«La divisione del nostro continente appartiene al passato», annunciò il presidente della Confederazione Arnold Koller durante il vertice di Parigi della Conferenza per la sicurezza e la cooperazione in Europa (CSCE) tenuta nel novembre 1990. «Ciò che i popoli hanno desiderato per decenni sta per iniziare: un’era di cooperazione tra Est e Ovest con l’obiettivo di costruire un’Europa nuova e più unita» (doc. 50, dodis.ch/54685).

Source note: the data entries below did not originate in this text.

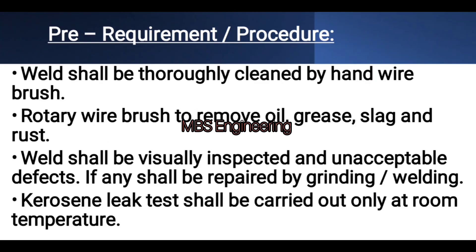Before conducting the leak test, the following requirements must be fulfilled: first, the weld shall be thoroughly cleaned by hand wire brush; second, a rotary wire brush shall be used to remove oil, grease, slag, and rust; third, the weld shall be visually inspected and any unacceptable defects shall be repaired by grinding and welding; fourth, the kerosene leak test shall be carried out only at room temperature.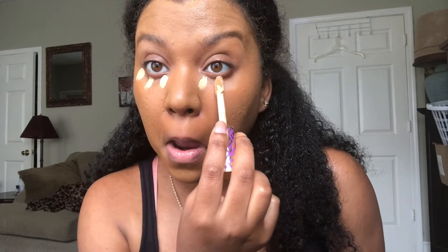I'm just distributing that over my face — again, this is lightweight coverage. Here I'm applying my under-eye concealer as well as my highlight for my face.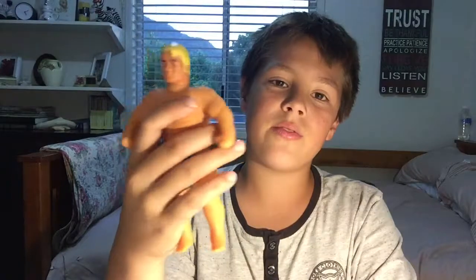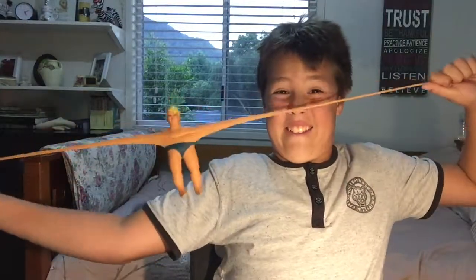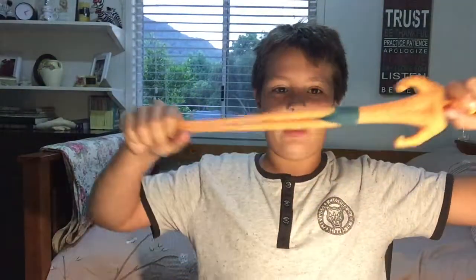...the Stretchy Armstrong! I got this today and it's quite flexible. He'll just go back to his original shape, and you can stretch him really far. I think he stretches to four times his size.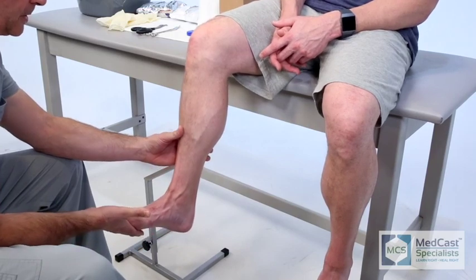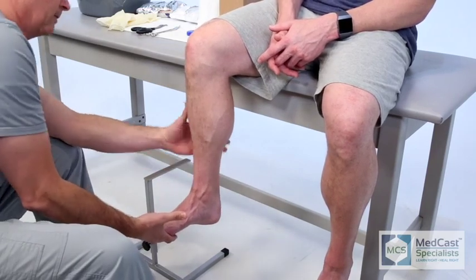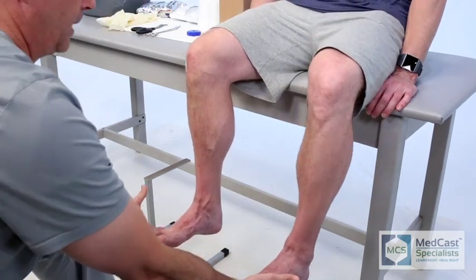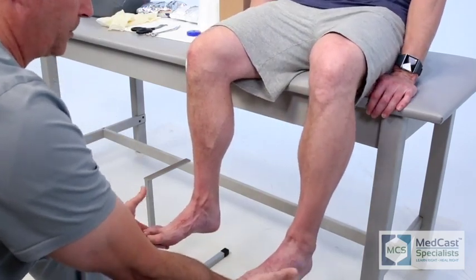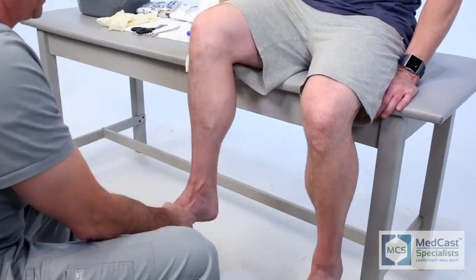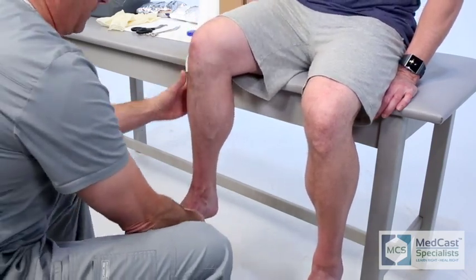In this video clip we will demonstrate a short leg cast. These are used either non-weight-bearing or weight-bearing. You can always breathe a sigh of relief when your physician comes up to you and says it's non-weight-bearing — that makes it a lot easier on you.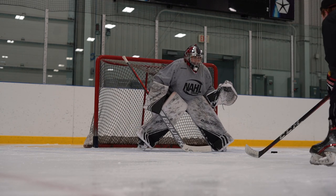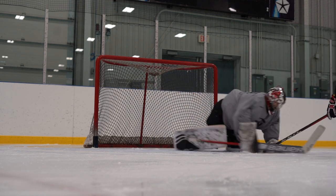Josh does a great job of quickly reaching, smothering the puck, and then sealing it with his stick. Excellent job.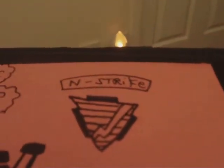Here today I am showing you my homemade Nerf N-Strike ammo box. All I did was covered it in orange paper and I just put some tape around it just to make it a little bit better.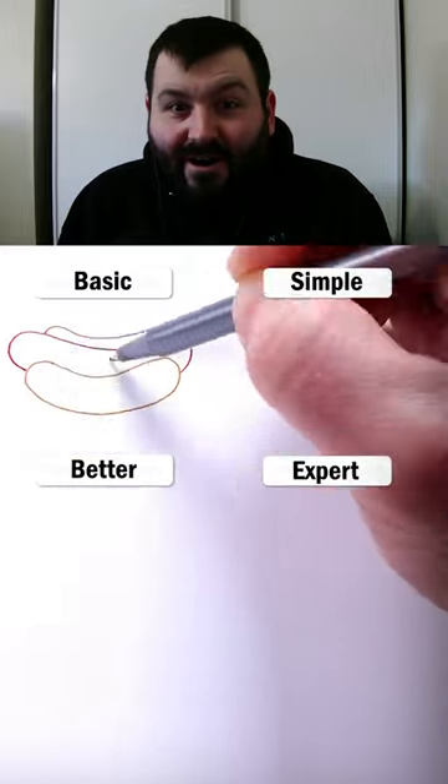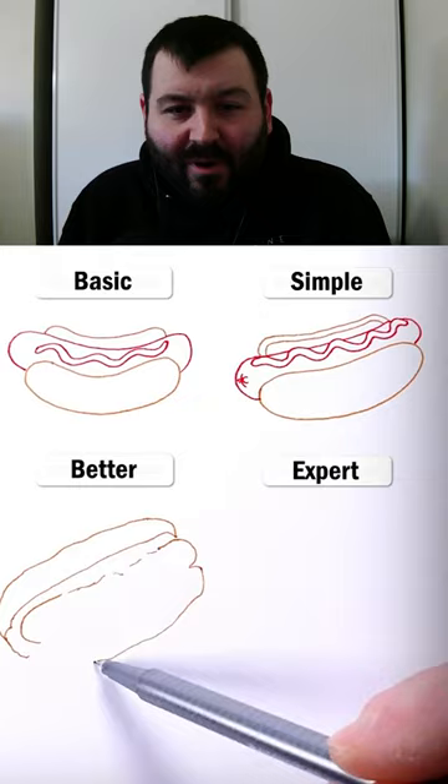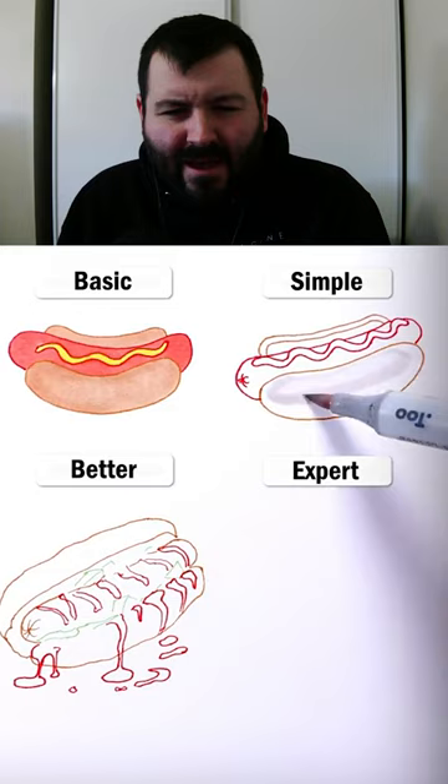How to draw hot dogs — I'm fat, I love hot dogs, so I'm excited to see this. We're going so fast already. Simple looks like a hot dog with just ketchup on it, which is perfect.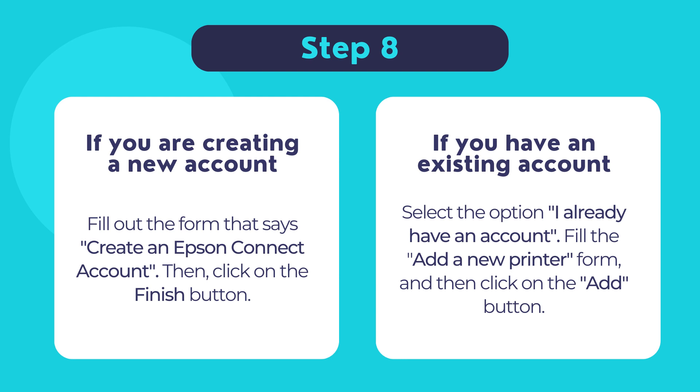If you already have an existing Epson Connect account, select the option I already have an account. Fill out the form that says add a new printer and then click add. Once done, click close to finish installing the setup software for your Epson printer and start using your Epson printer.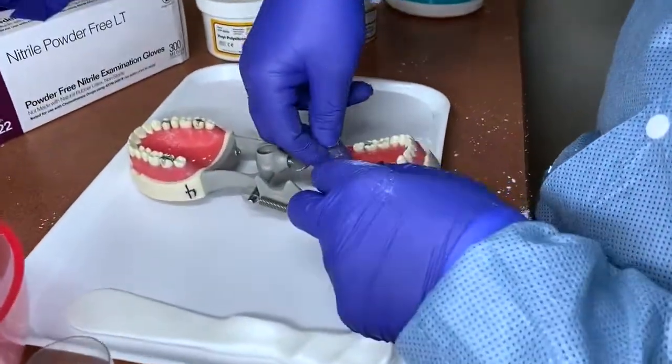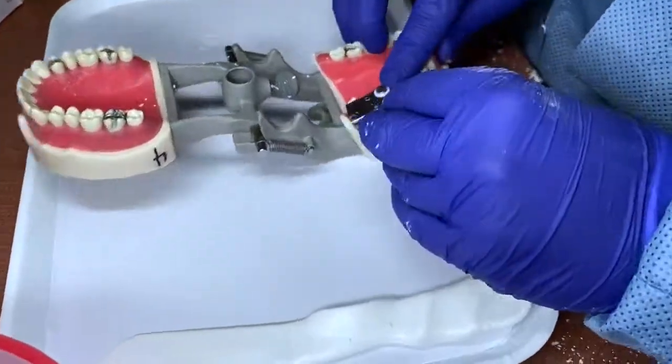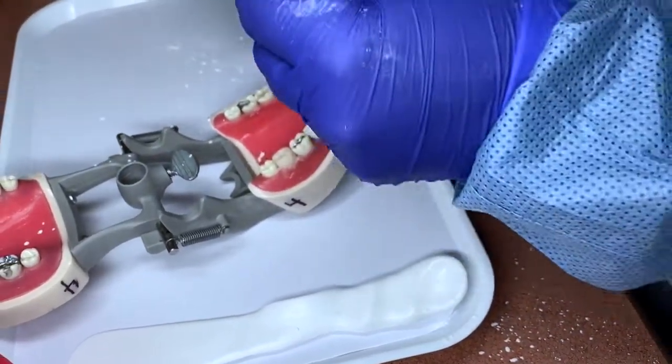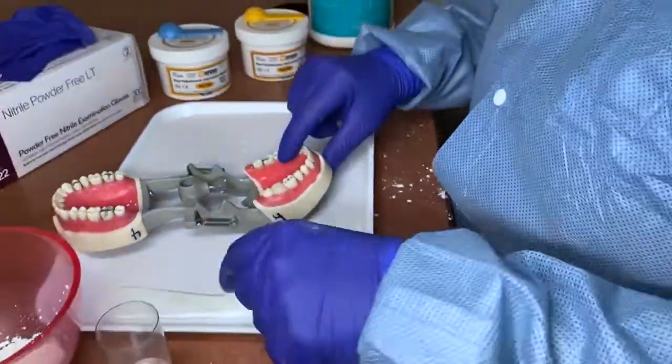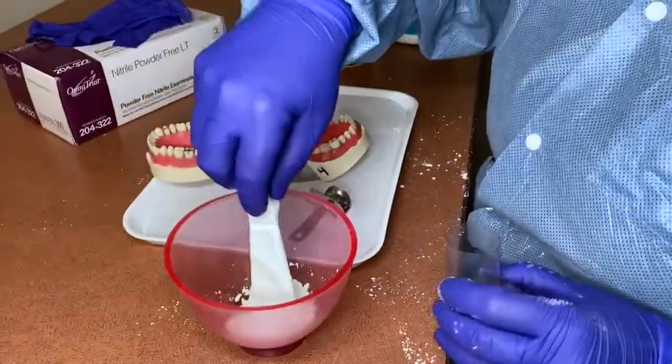She's trying in the tray to make sure it covers the teeth she needs — it covers three teeth, although we're only doing one. Once she's confirmed the tray fits, she's going to mix the alginate.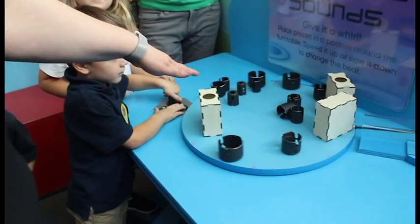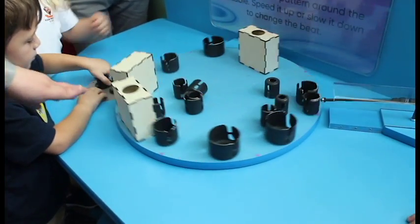This is one of our new exhibits at the Duke Energy Stem of Spirit Marble. What it's doing is giving students an opportunity to experiment with sound and pattern.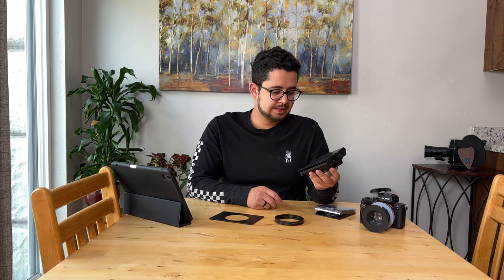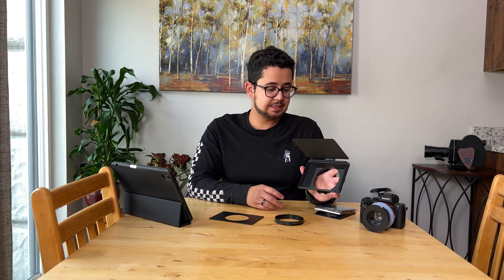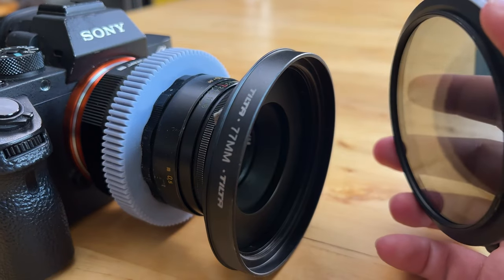A while back I picked up the Tilta mini matte box, and I like it a lot, but one issue is that I can't use my variable ND filter with it. For some projects I'll rent the rectangular ND filter set instead, but for small projects I do on my own, that's not always an option. I do have the Bauer variable ND filter, but the problem is this ring for mounting the matte box to the lens — I can't screw them on together. There's no room.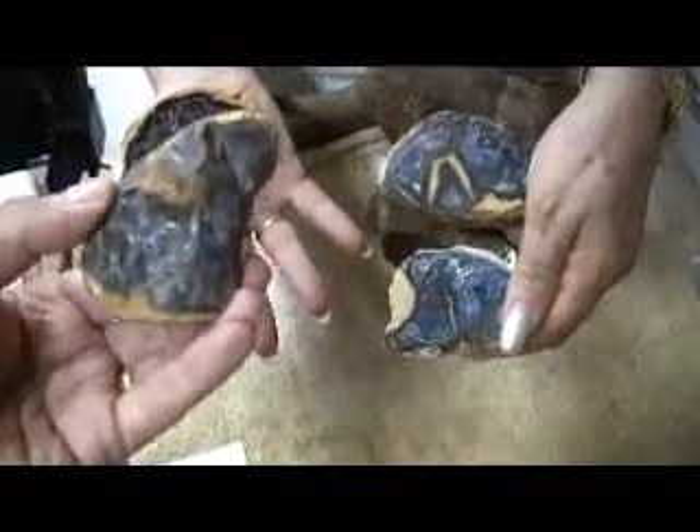They're beautiful — look at the color all the way through them. Well, they're gonna make smashing beads. Oh yeah, this is what everyone's asking for, and they don't realize it. Wow, look at the color!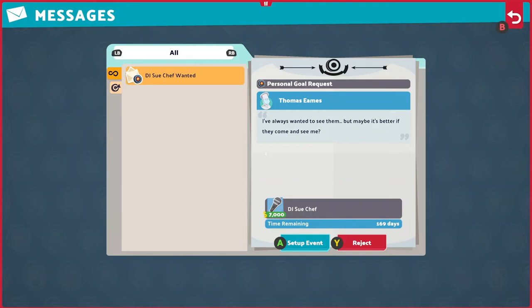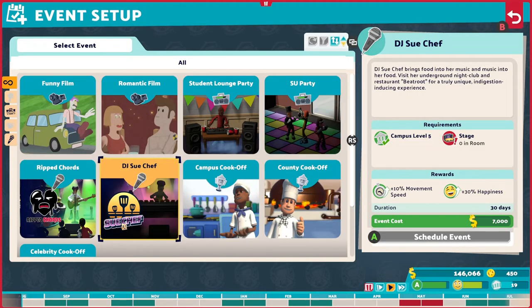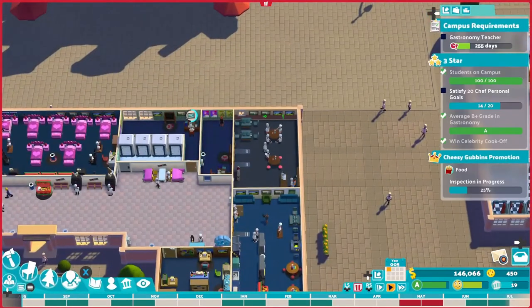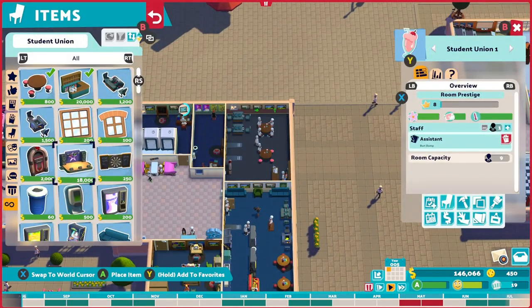Two Point Campus DJ Sous Chef event. If you're trying to set up the event and it says you need a stage, you need to come to the Student Union, add items, and for $18,000 you can add a stage and then set up the event.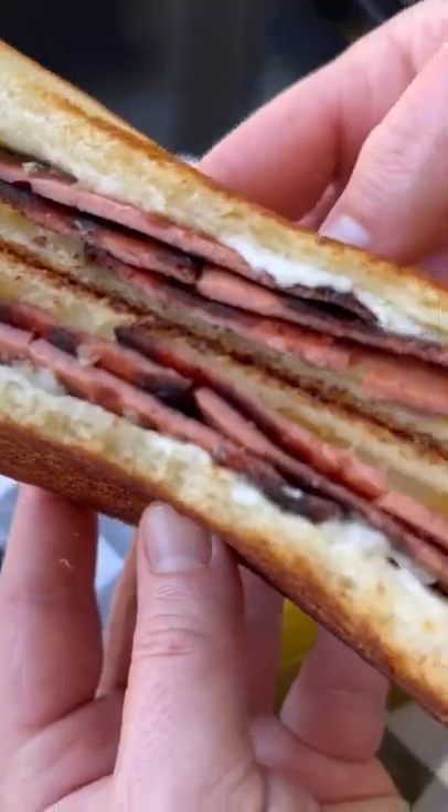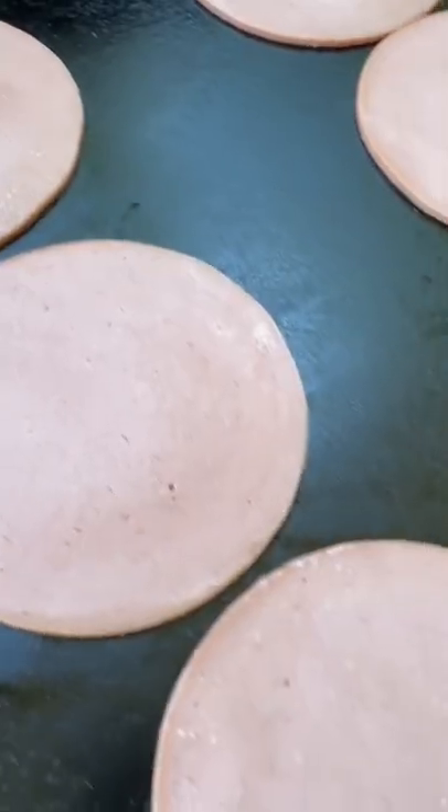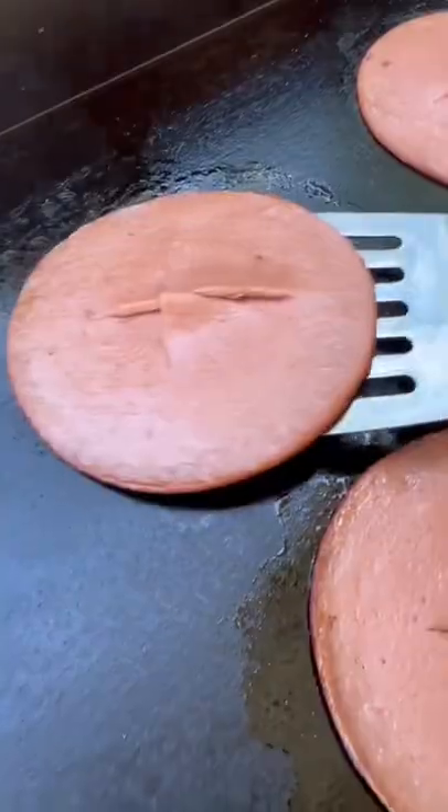Sometimes it's hard to beat a simple fried bologna sandwich. I just lay out the bologna on the griddle and use the spatula to make an X in the center so it doesn't bubble up.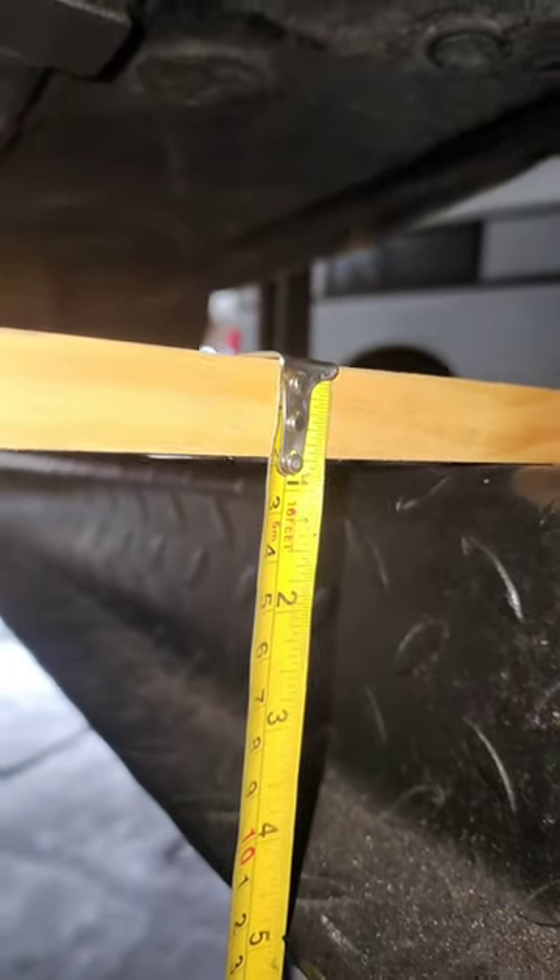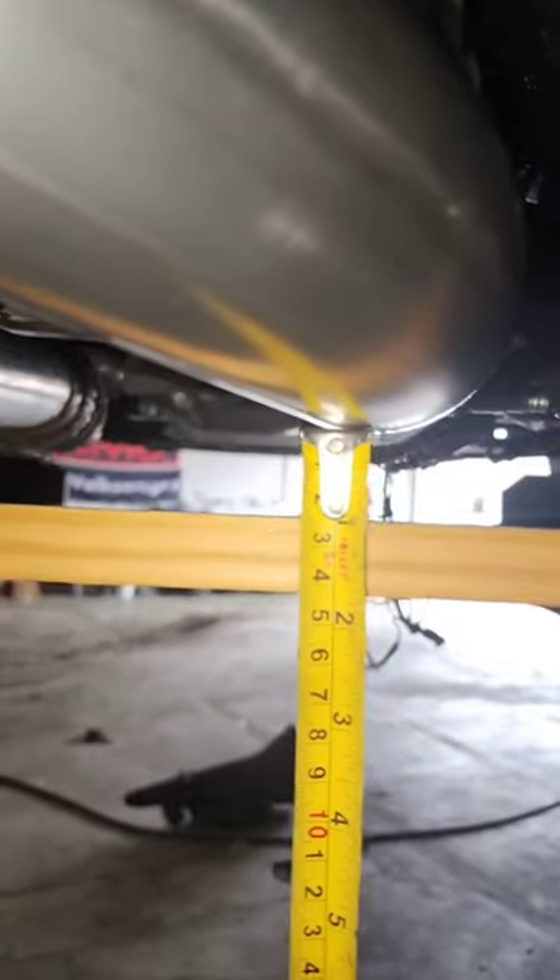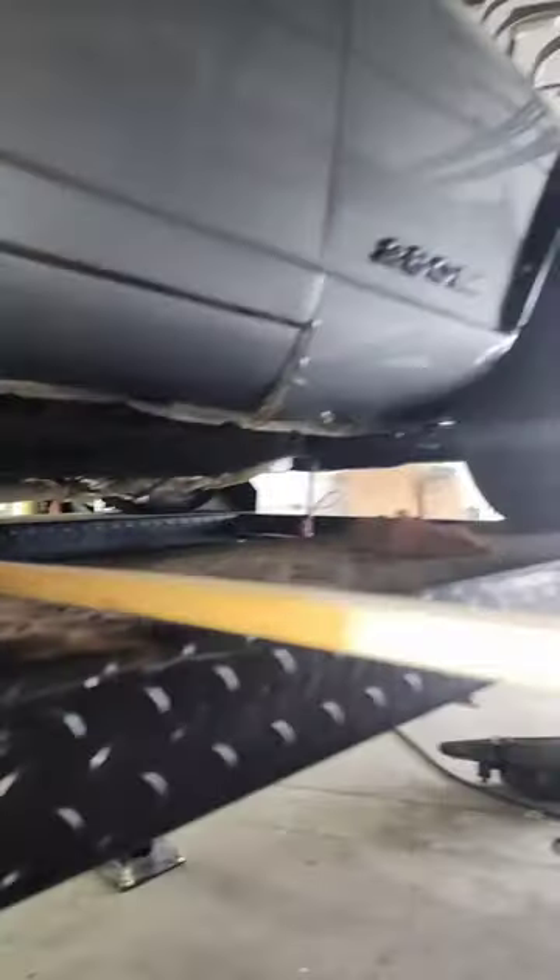This piece of wood is about three quarters of an inch, and from that piece of wood to this exhaust pipe is a little over three quarters of an inch. That gives us about one and a half inches or so of ground clearance on this exhaust pipe.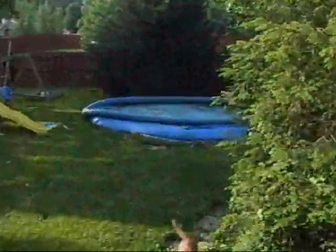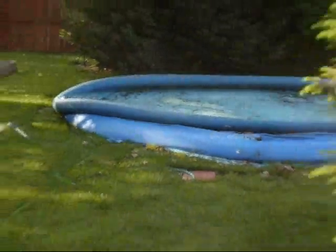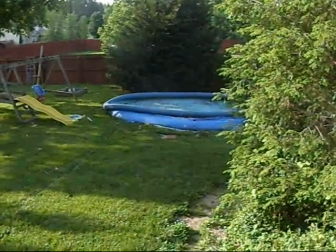We saw how the hovercraft worked on pavement and in the grass — now we're going to try and put it in the water, in a swimming pool. All right, here we go. I've already started up the hovercraft and I'm about to get on it to show you. Here we go.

Dopo gli sconvolgimenti epocali del 1989, anche il 1990 è stato segnato dalla svolta in Europa. La transizione democratica nell’Europa centrale e orientale, la fine dell’antagonismo tra Est ed Ovest e la riunificazione delle due Germanie diedero nuovo slancio all’idea europea. E in mezzo a tutto ciò c'era la Svizzera – confrontata con questioni riguardanti la sua neutralità, il suo ruolo nella comunità internazionale e le sue posizioni rispetto all'integrazione europea. Il nuovo volume dei Documenti diplomatici svizzeri (DDS) illustra questi e altri sviluppi di fondamentale importanza nelle relazioni internazionali della Svizzera nel 1990 con una selezione di documenti e numerosi riferimenti ad altre fonti e informazioni ufficiali nella banca dati Dodis.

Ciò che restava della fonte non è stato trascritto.